In UML 2, a component is drawn as a rectangle with optional compartments stacked vertically. A high-level, abstracted view of a component in UML 2 can be modeled as just a rectangle with the component’s name and the component stereotype text and/or icon. The component stereotype’s text is «component»” and the component stereotype icon is a rectangle with two smaller rectangles protruding on its left side (the UML 1.4 notation element for a component). Figure 2 shows three different ways a component can be drawn using the UML 2 specification.

Figure 2: The different ways to draw a component’s name compartment
The different ways to draw a component's name compartment

When drawing a component on a diagram, it is important that you always include the component stereotype text (the word “component” inside double angle brackets, as shown in Figure 2) and/or icon. The reason? In UML, a rectangle without any stereotype classifier is interpreted as a class element. The component stereotype and/or icon distinguishes this rectangle as a component element.

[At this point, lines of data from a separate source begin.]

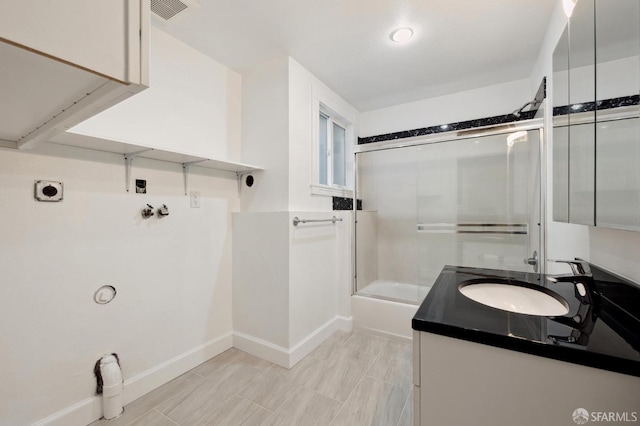 bathroom with vanity and shower / bath combination with glass door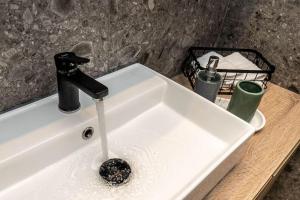 a sink with water running from a faucet at 8 Blocks Apartments 4A in Alexandroupoli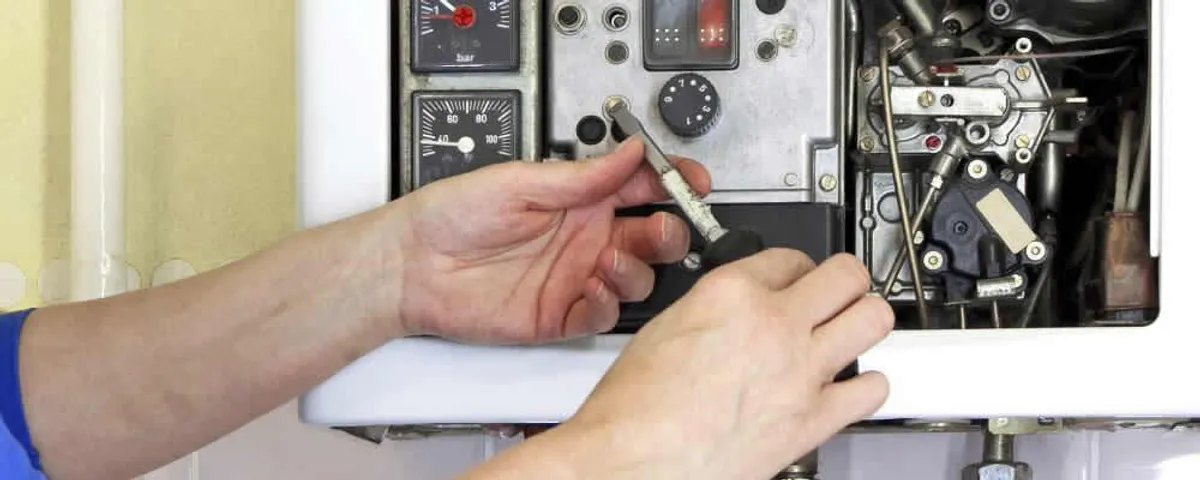 Heating repair technician adjusting boiler controls and components in Marietta, GA
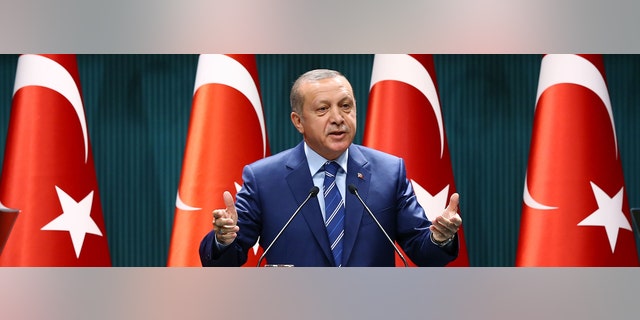 Turkish President Recep Tayyip Erdogan delivers a speech at the Presidential Palace in Ankara, Thursday, Aug. 18, 2016.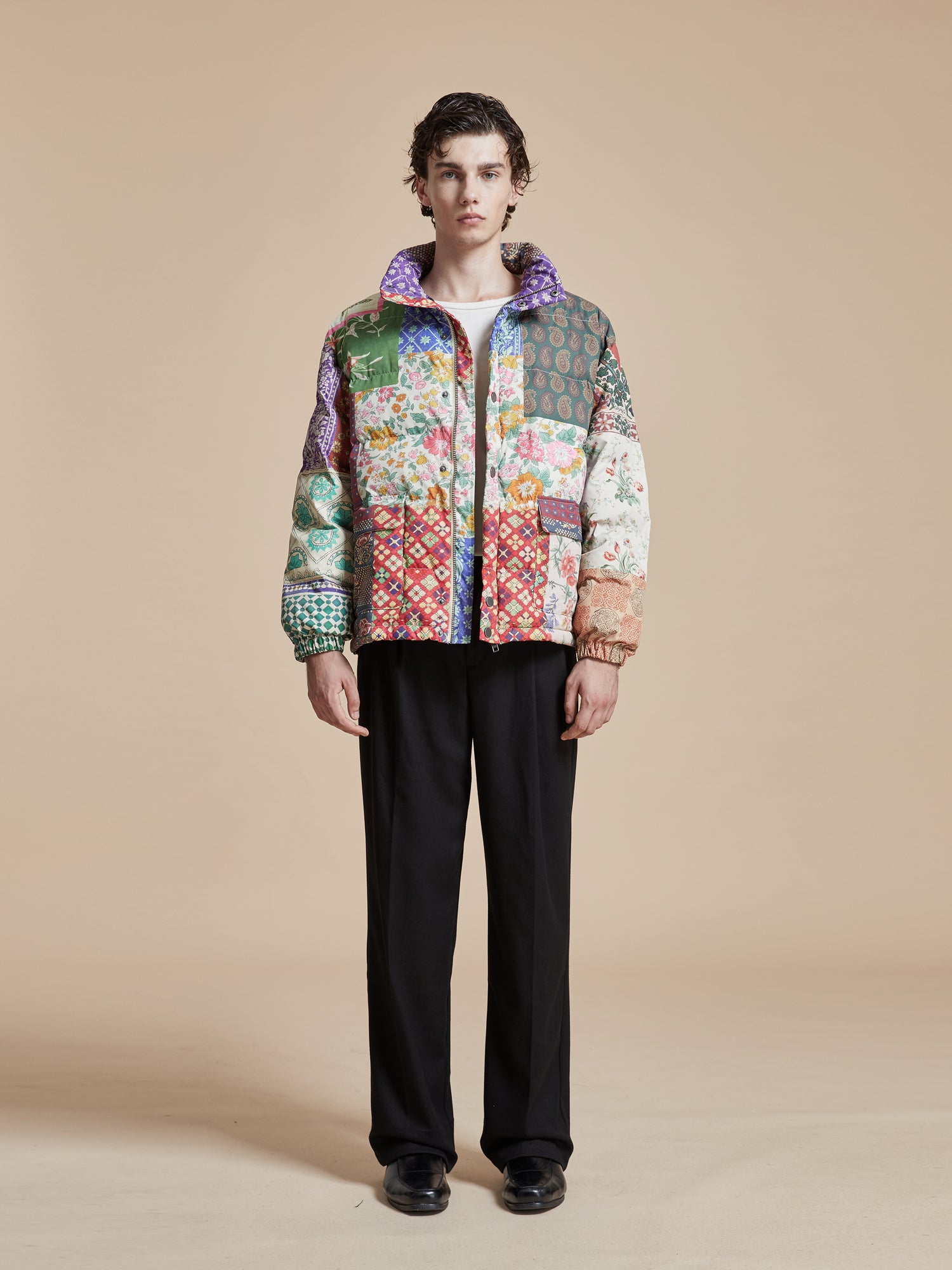 A man wearing a multicolored Gardenia Tapestry Puffer Jacket.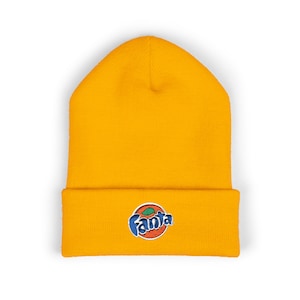 May include: Mustard yellow beanie with a folded brim. The beanie features a colorful embroidered Fanta logo on the front. The logo includes the word "Fanta" in blue script, with a stylized orange and green graphic.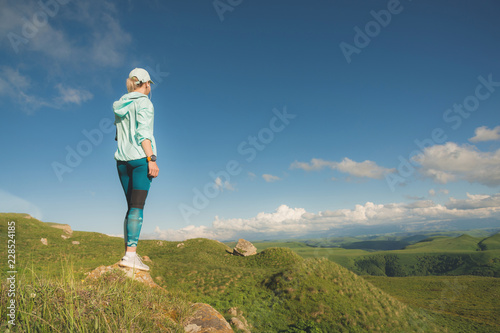 Attractive sports girl in a cap and headphones before jogging in a picturesque location. Workout outdoors. Back view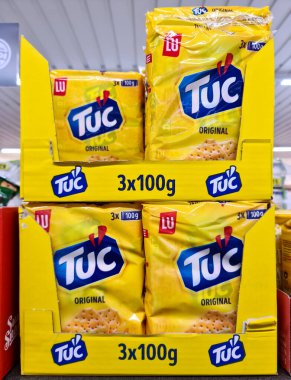 Kiel, Germany - 03 September 2022: Numerous packs of TUC brand biscuits on a supermarket shelf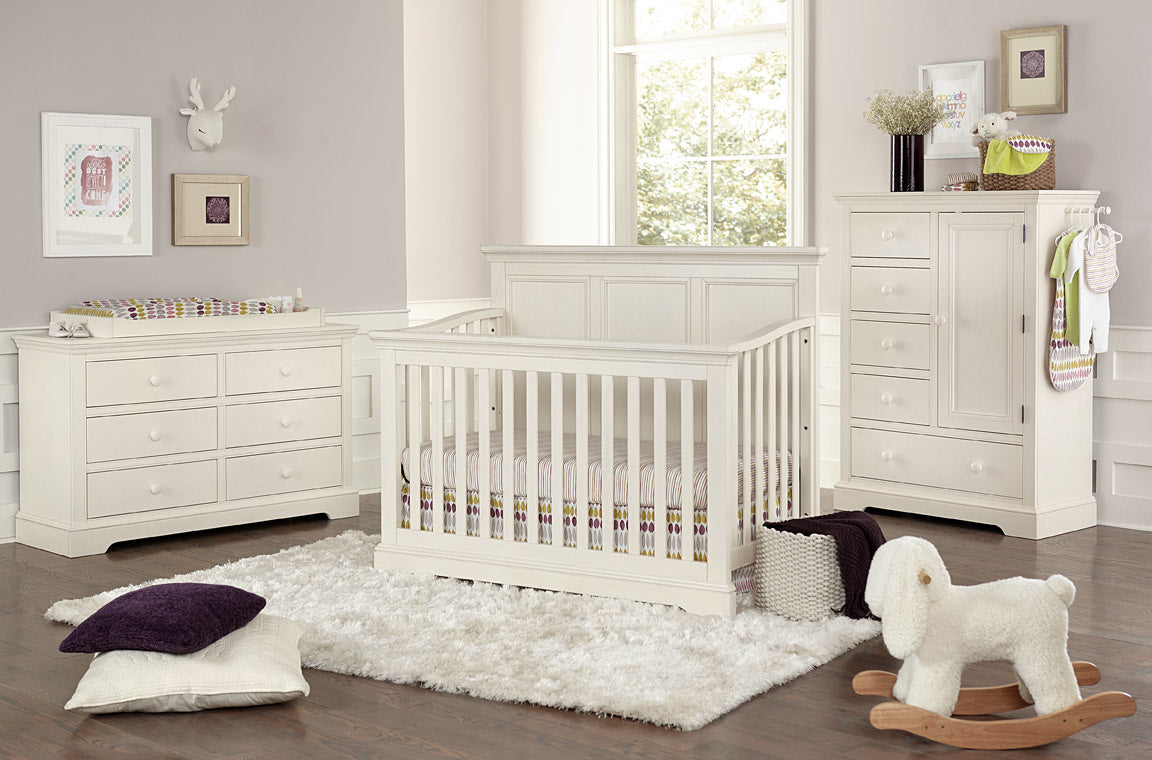 A cozy baby room featuring the Westwood Hanley crib, dresser, and chest, designed for comfort and functionality.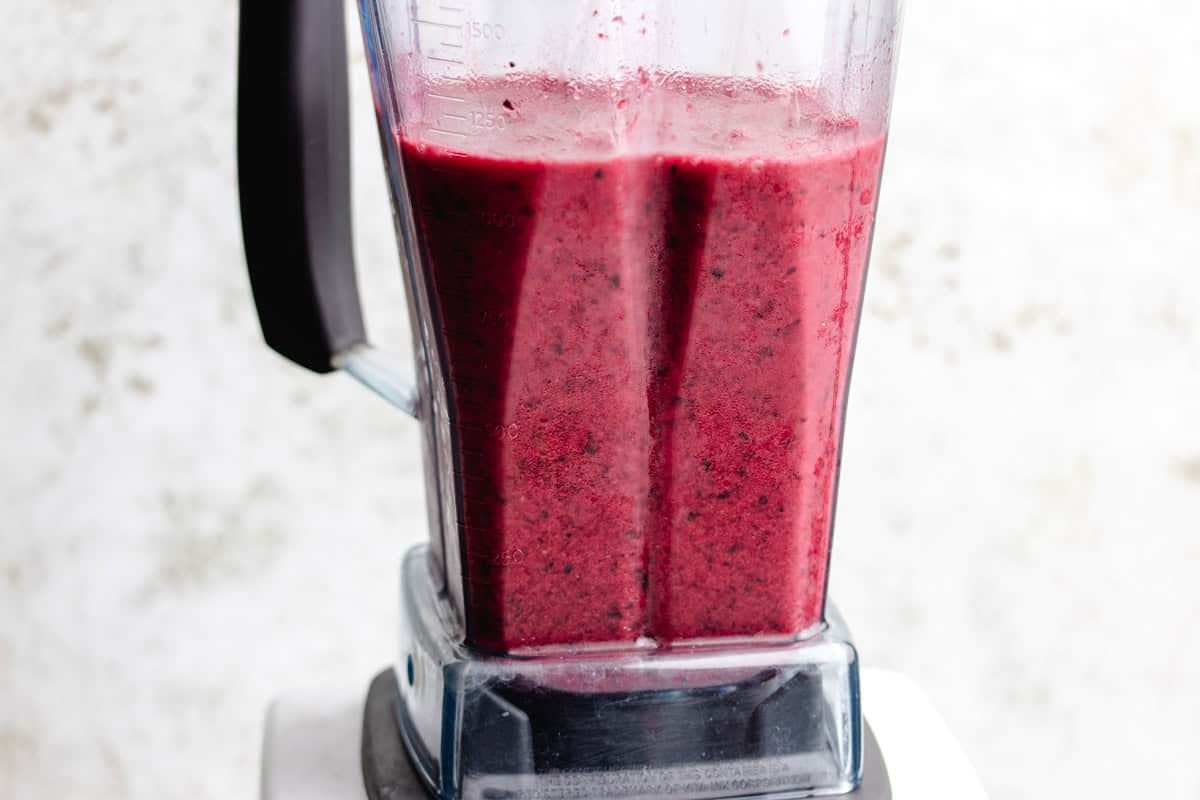 Beets, blueberries, an orange, a banana, and water blended together.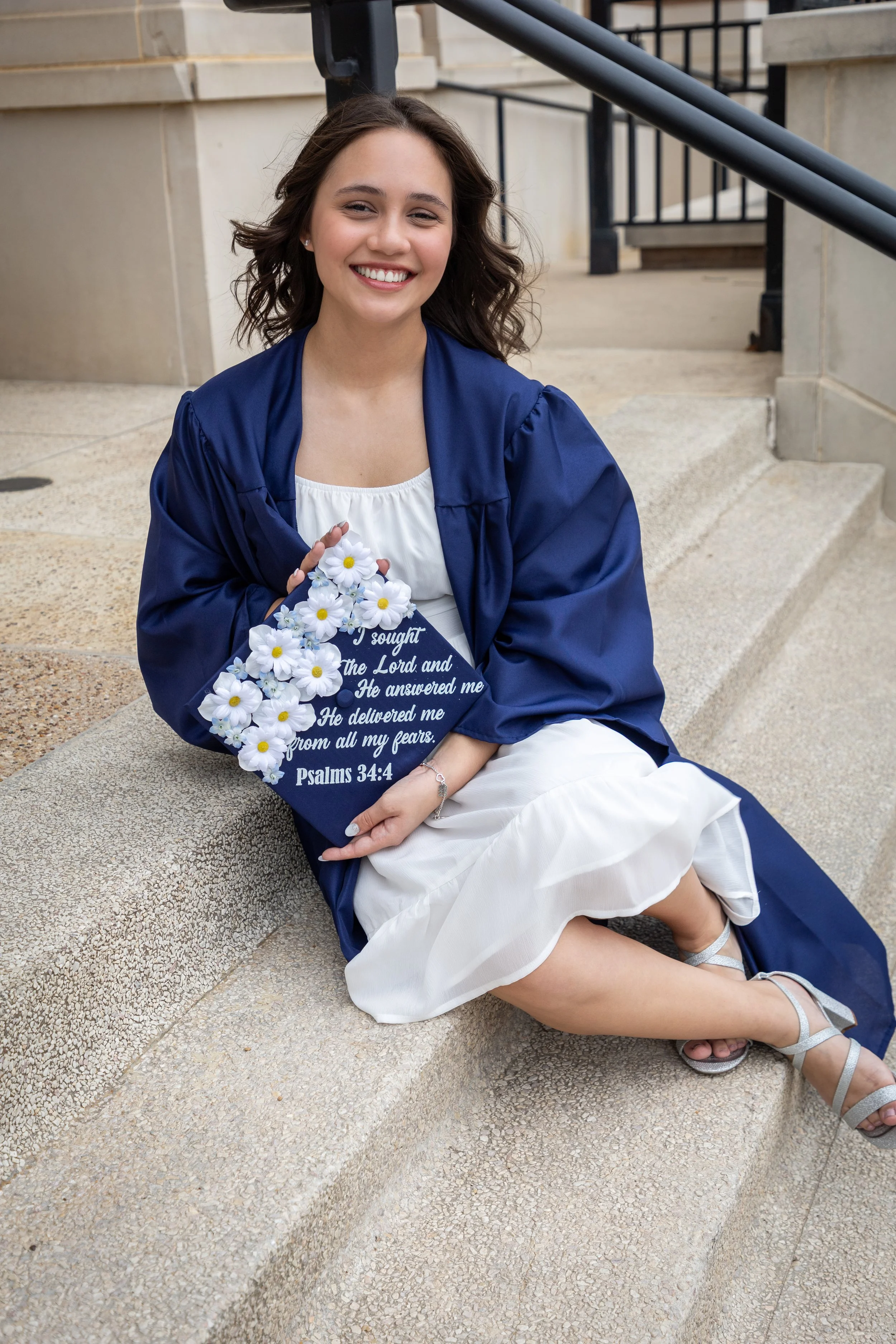 A young woman sitting on outdoor stairs wearing a blue graduation gown and holding a floral diploma cover with a Psalms 34:4 quote and daisies attached.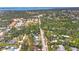 Aerial shot of residential neighborhood featuring mature trees lining the street, blending urban and natural elements at 521 Artists Ave, Englewood, FL 34223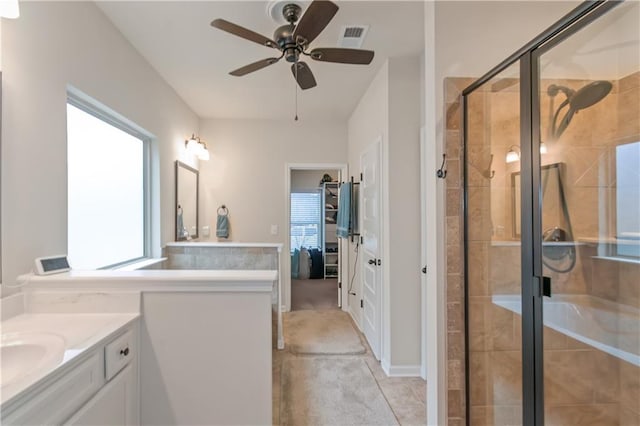 bathroom featuring ceiling fan, vanity, and a shower with shower door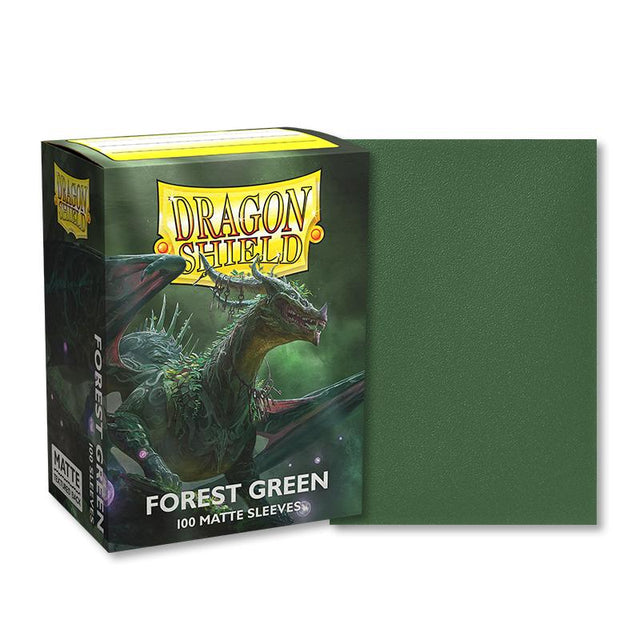 Boîte de 100 protège-cartes Dragon Shield Forest Green Matte au format standard, avec illustration d'un dragon vert sur le packaging et aperçu d'une sleeve vert forêt à finition mate.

Modeling a component’s interfaces Provided/Required

The Order components drawn in Figure 2 all represent valid notation elements; however, a typical component diagram includes more information. A component element can have additional compartments stacked below the name compartment. As mentioned earlier, a component is an autonomous unit that provides one or more public interfaces. The interfaces provided represent the formal contract of services the component provides to its consumers/clients. Figure 3 shows the Order component having a second compartment that denotes what interfaces the Order component provides and requires. (Note: Even though components are autonomous units they still may depend on the services provided by other components. Because of this, documenting a component’s required interfaces is useful.)

Figure 3: The additional compartment here shows the interfaces that the Order component provides and requires
Additional compartment showing the interfaces that the Order component provides and requires

In the example Order component shown in Figure 3, the component provides the interfaces of OrderEntry and AccountPayable. Additionally, the component also requires another component that provides the Person interface. (Note: Figure 3 does not show the Order component in its complete context. In a real-world model the OrderEntry, AccountPayable, and Person interfaces would be present in the system’s model.)